Quenching of Cross Sections in Direct Reactions

The strengths of single-particle transitions probed in direct reactions appear to be quenched by correlations. The degree of quenching is around 0.6 for stable nuclei. This factor seems to be independent of the probe used, the mass of the system, the orbital angular momentum of the nucleon added or removed from the system, and its separation energy. It is the same for protons and neutrons. Typical probes include single-nucleon transfer reactions carried out at a few MeV per nucleon above the barrier, intermediate energy heavy-ion induced knockout reactions, quasifree (p,2p) and (p,pn) scattering, and electron-induced knockout. The difference between the proton and neutron separation energies (ΔS) is relatively small for stable nuclei, varying between approximately –10 MeV and +10 MeV. The differences are much larger for nuclei far from stability, exceeding –/+20 MeV in some cases. Over the last two decades, a wealth of data using intermediate energy heavy-ion induced knockout reactions has revealed a striking trend in the degree of quenching, expressed as the reduction factor R (the ratio of experimental and theoretical inclusive cross sections), versus ΔS [1]. There are limited data available over such a range of ΔS using other probes, with only a handful of transfer-reaction and (p,2p) and (p,pn) results.

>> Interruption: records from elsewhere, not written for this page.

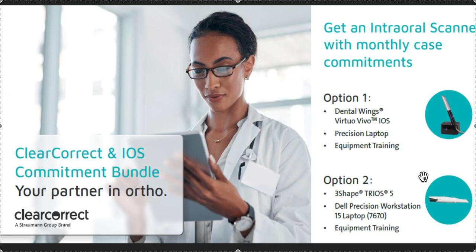The only thing you can't use it for is Invisalign, because Invisalign doesn't take this scanner. It sounds like an incredible offer, and there's something extra special if you commit by the end of the year — make sure you ask about it. Thanks so much.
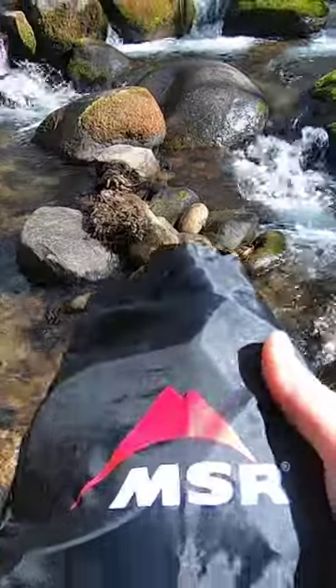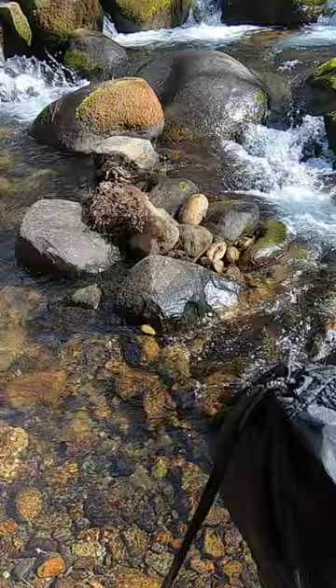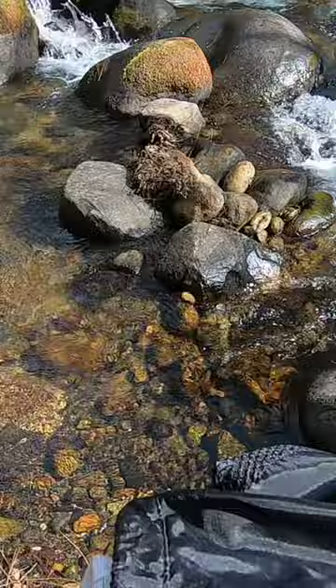In this video we're going to be filtering some water from a stream using this MSR water filtration system. We've got about 10 liters of water, which is going to give us about two and a half gallons.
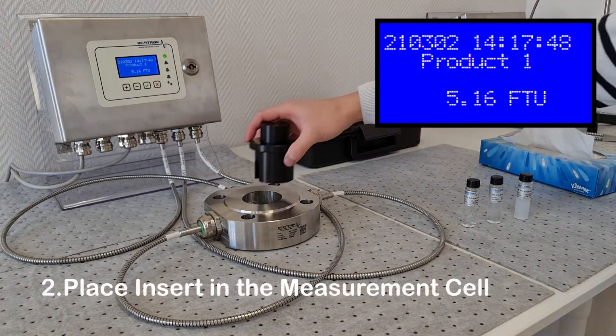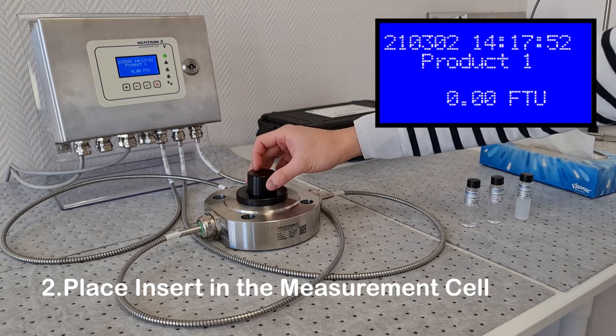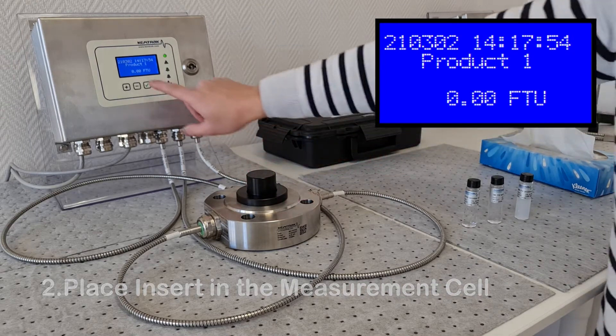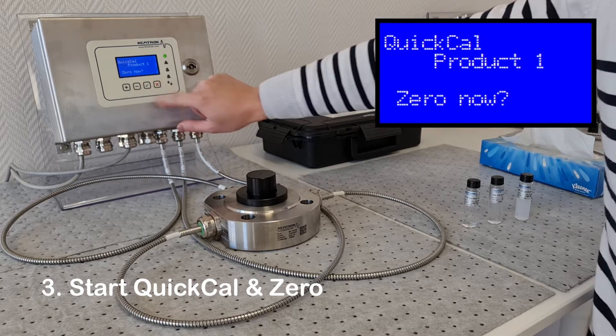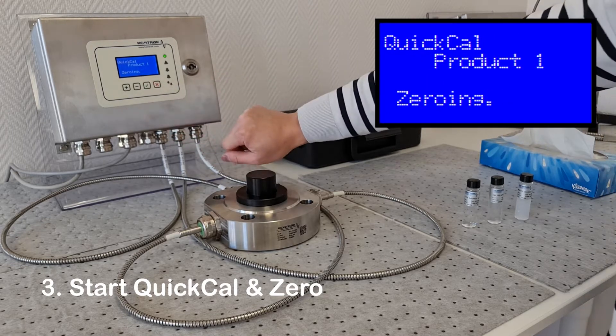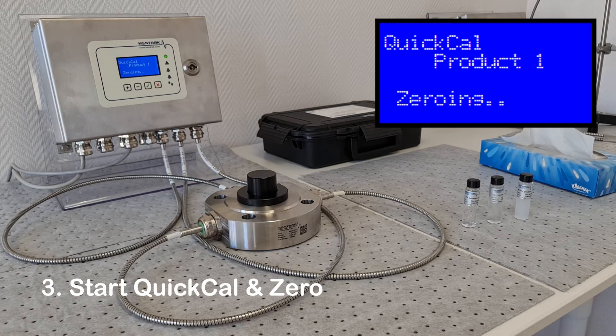Once dry, place the measurement cell insert in the measurement cell. Start the calibration by entering the product config menu on the analyzer, then select QuickCal. The calibration will start by zeroing the analyzer using the empty measurement cell insert.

However, there is a strong contrast between the R factors from intermediate energy heavy-ion induced knockout reactions and these other probes, for which there is not yet a robust theoretical explanation. I will give an overview of the status of this topic with a focus on results, opportunities, and techniques to explore quenching in exotic nuclei using transfer reactions in the coming decade.

[1] T. Aumann et al., Prog. Part. Nucl. Phys. 118, 103847 (2021).